문제

I have a dictionary in python with key->value as str->int. If I have to chose a key based on it's own value, then as the value gets larger the key has a lower possibility of being chosen.

For example, if key1=2 and key2->1, then the attitude of key1 should be 2:1.

How can I do this?

도움이 되었습니까?

해결책

1. Construct a CDF-like list like this:

def build_cdf(distrib):
    cdf = []
    val = 0
    for key, freq in distrib.items():
        val += freq
        cdf.append((val, key))
    return (val, cdf)

This function returns a tuple, the 1st value is the sum of probabilities, and 2nd value is the CDF.

2. Construct the sampler like this:

import random
def sample_from_cdf(val_and_cdf):
    (val, cdf) = val_and_cdf;
    rand = random.uniform(0, val)
    # use bisect.bisect_left to reduce search time from O(n) to O(log n).
    return [key for index, key in cdf if index > rand][0]

Usage:

x = build_cdf({"a":0.2, "b":0.3, "c":0.5});
y = [sample_from_cdf(x) for i in range(0,100000)];
print (len([t for t in y if t == "a"]))   # 19864
print (len([t for t in y if t == "b"]))   # 29760
print (len([t for t in y if t == "c"]))   # 50376

You may want to make this into a class.

다른 팁

If the values are too large for gnibler's approach:

Build a list of tuples (key, index), where index is the sum of all values that come before key in the list (this would be the index of the first occurrence of key gnibler's list c. Also calculate the sum of all values (n).

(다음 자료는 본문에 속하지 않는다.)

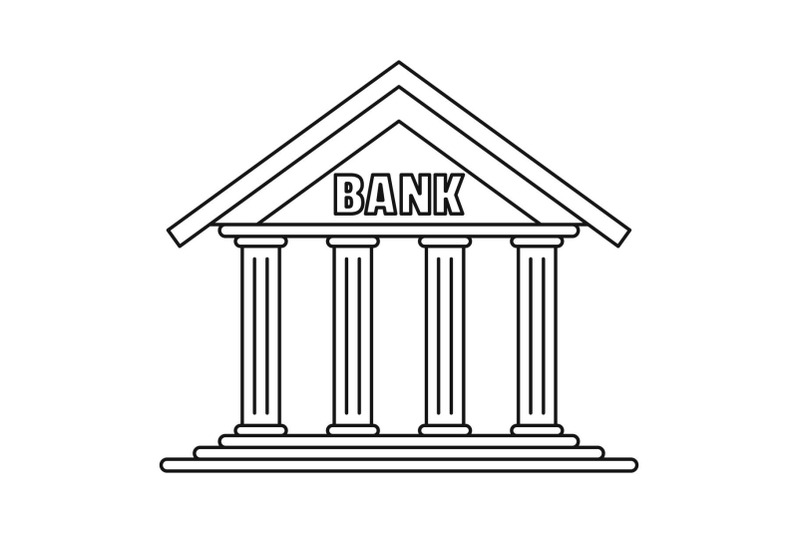 bank-icon-outline-style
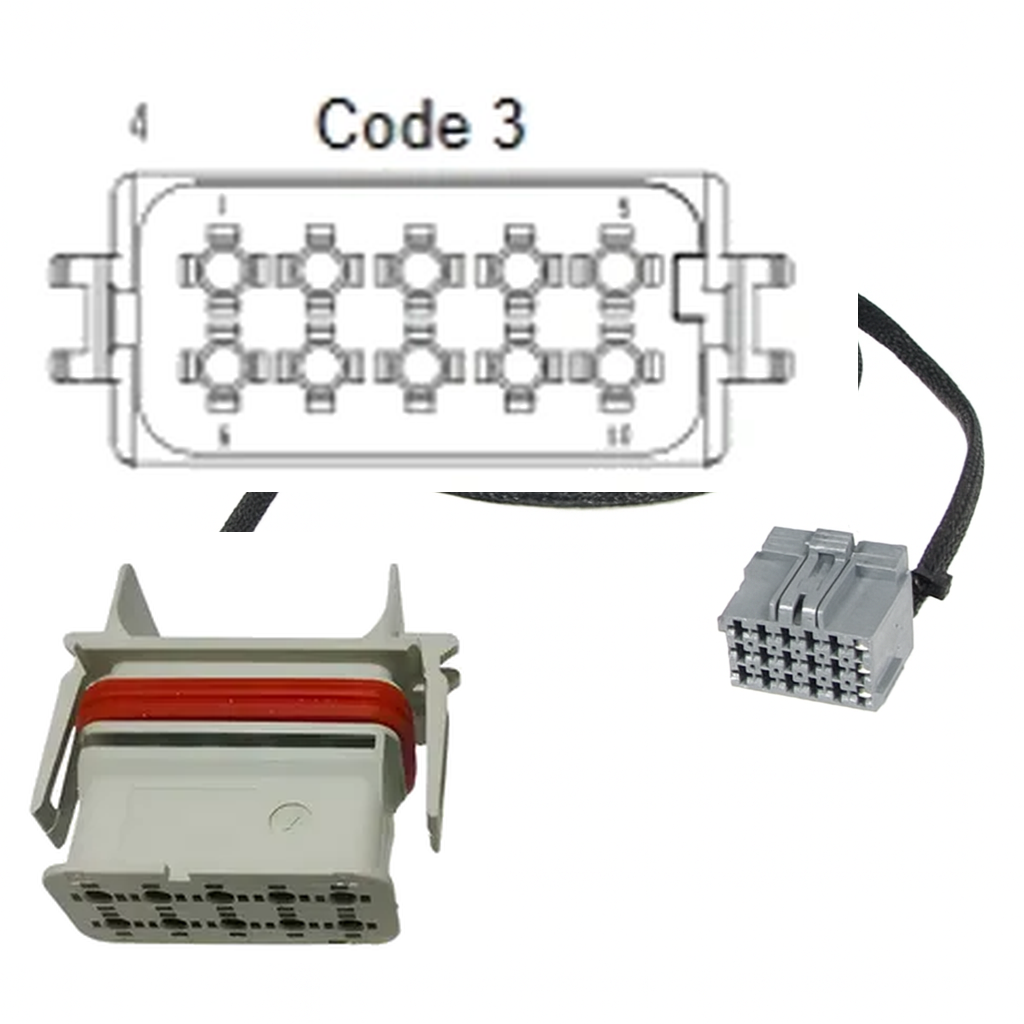 [PRY10-0034] Parallel Y-Cable 10 Pins | PRY10-0034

Now, generate a random number xbetween 0 and n - 1. Find the last entry in the list with index < x. Since the list is sorted by index, you can use binary search to do that efficiently.

Update: KennyTM's code is an implementation of this, except that he uses a brute-force linear search instead of binary search; this will be inefficient if the number of keys are large.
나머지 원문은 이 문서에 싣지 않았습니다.